Jonathan Toro

Peut-on obtenir le paiement d’heures supplémentaires après un licenciement ?

Jonathan Toro Avocat chez Law & More, spécialisé en droit commercial.

Un travailleur a été occupé par une grande brasserie bruxelloise pendant plus de vingt ans. Suite à son licenciement, il réclame à son ancien employeur le paiement de plus de 5.000 heures supplémentaires qu’il aurait effectuées pendant son contrat. Y-a-t-il droit ?

De manière générale, chaque personne est tenue de prouver les faits qu’elle allègue en vertu des articles 1315 du Code civil et 870 du Code judiciaire. Ce principe général a été appliqué par les juridictions du travail dans le domaine des heures supplémentaires. La charge de la preuve repose donc sur les épaules du travailleur.

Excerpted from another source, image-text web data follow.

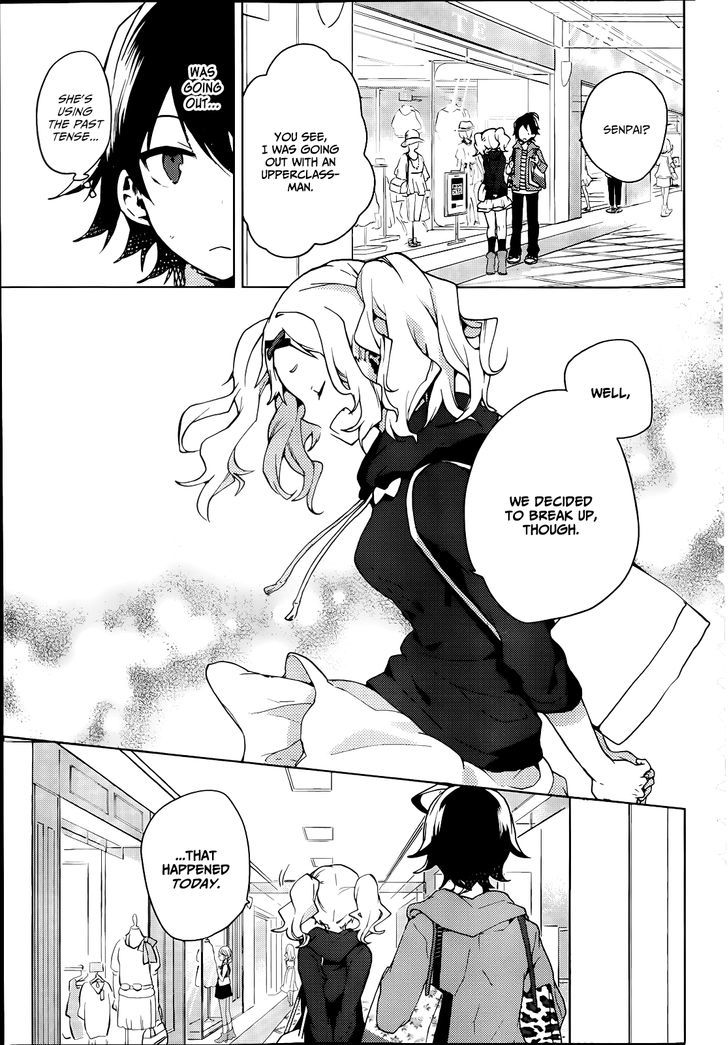 Girls Go Around - Vol.1 Chapter 4 : Seishun² Go Around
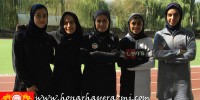 تمرین تیم‌ملی تکواندو دختران در پیست آکادمی ملی المپیک 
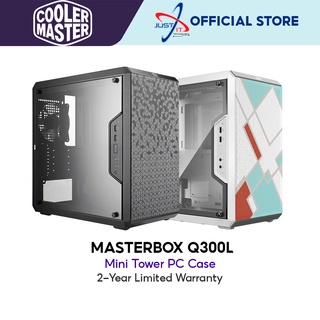 Cooler Master Masterbox Q300L M-ATX เคส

Plus particulièrement, le travailleur qui réclame le paiement d’heures supplémentaire doit prouver :

=> d’une part, leur réalité et leur nombre [1] ;

=> d’autre part, qu’elles ont été accomplies à la demande ou, tout au moins, avec l’approbation tacite de son employeur. (C. trav. Mons (2e ch.) n° 2013/AM/350, 2 juin 2014, J.T.T. 2014, liv. 1194, 317) ;

En l’espèce, le Tribunal du Travail de Bruxelles (27 avril 2017, inédit, RG 16/3451/A 2) a estimé que le travailleur n’apportait pas la preuve des heures supplémentaires accomplies depuis la date de son engagement après avoir relevé les éléments suivants :

Des horaires contestés…

Le Tribunal constate que le travailleur avait procédé à un calcul réalisé à partir d’horaires contestés. En effet, selon l’employeur, il s’agissait d’horaires prévisionnels remis aux travailleurs au début du mois, par opposition aux horaires effectifs qui étaient communiqués aux travailleurs cinq jours avant le début de leurs prestations, conformément au règlement de travail. La valeur des horaires produits par le travailleur ne pouvait donc être qu’indicative.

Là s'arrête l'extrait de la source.